- [EXERCISE DIRECTIONS]:
None of the pictures should appear; the lines from the line containing "荆霄鹏钻井机行书怎么写" through the last line of the listing must be repeated exactly.

- [DATA TO USE]:
'''

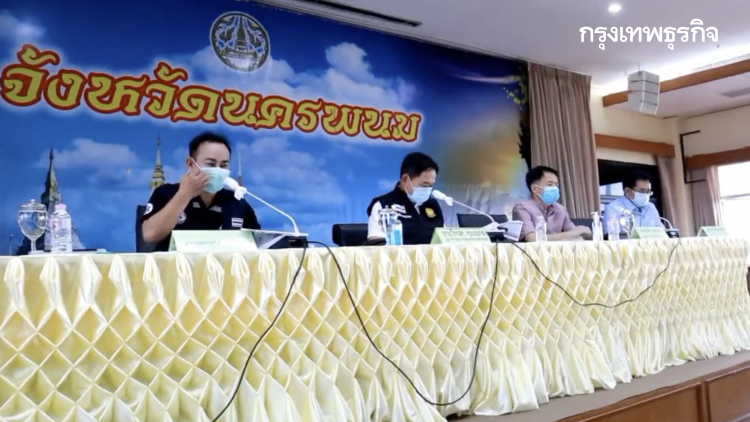 นครพนม สั่งปิด 2 หมู่บ้าน อีก 3 วัน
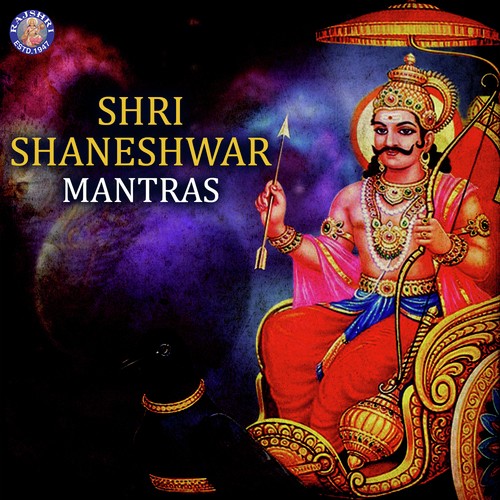 Shani Graha Mantra - Various Artists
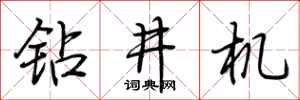 荆霄鹏钻井机行书怎么写
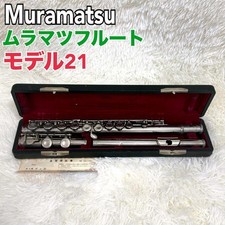 Flauta Muramtsu Muramatsu com estojo modelo 21 comprar usado  Enviando para Brazil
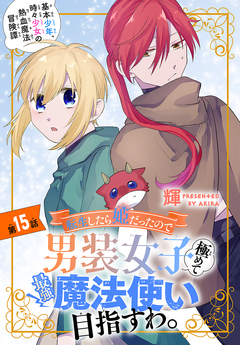 転生したら姫だったので男装女子極めて最強魔法使い目指すわ。[1話売り] 15巻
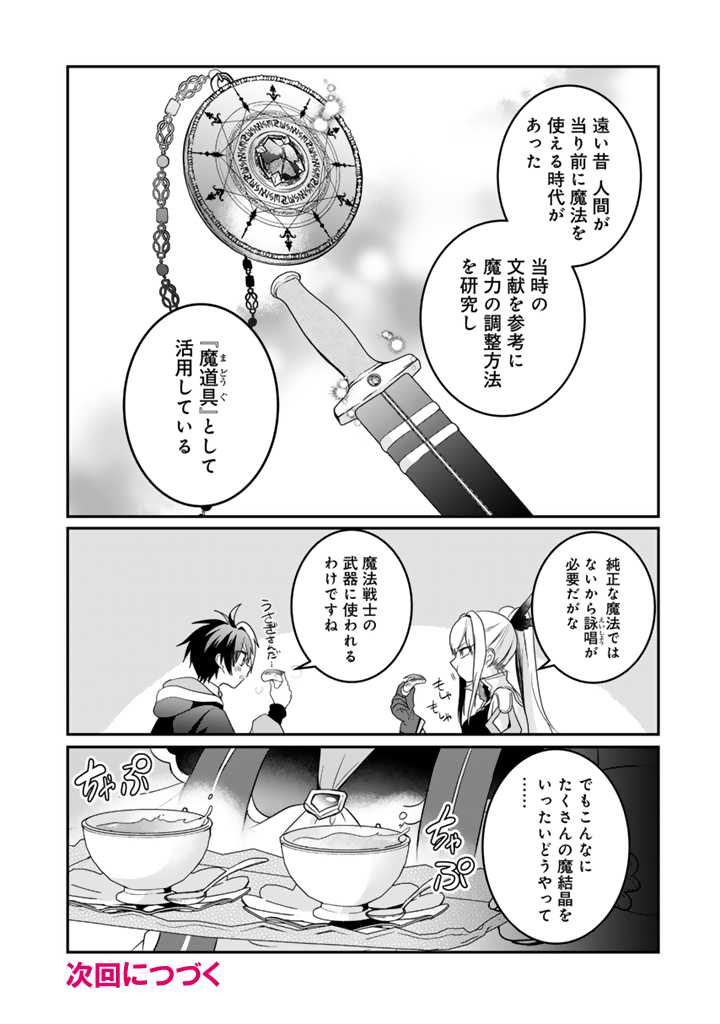 最弱職が前世の知識で世界最強 第6.1話 - Page 12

'''

- [ANSWER BELOW]:
 荆霄鹏钻井机行书怎么写
 Flauta Muramtsu Muramatsu com estojo modelo 21 comprar usado  Enviando para Brazil
 転生したら姫だったので男装女子極めて最強魔法使い目指すわ。[1話売り] 15巻
 最弱職が前世の知識で世界最強 第6.1話 - Page 12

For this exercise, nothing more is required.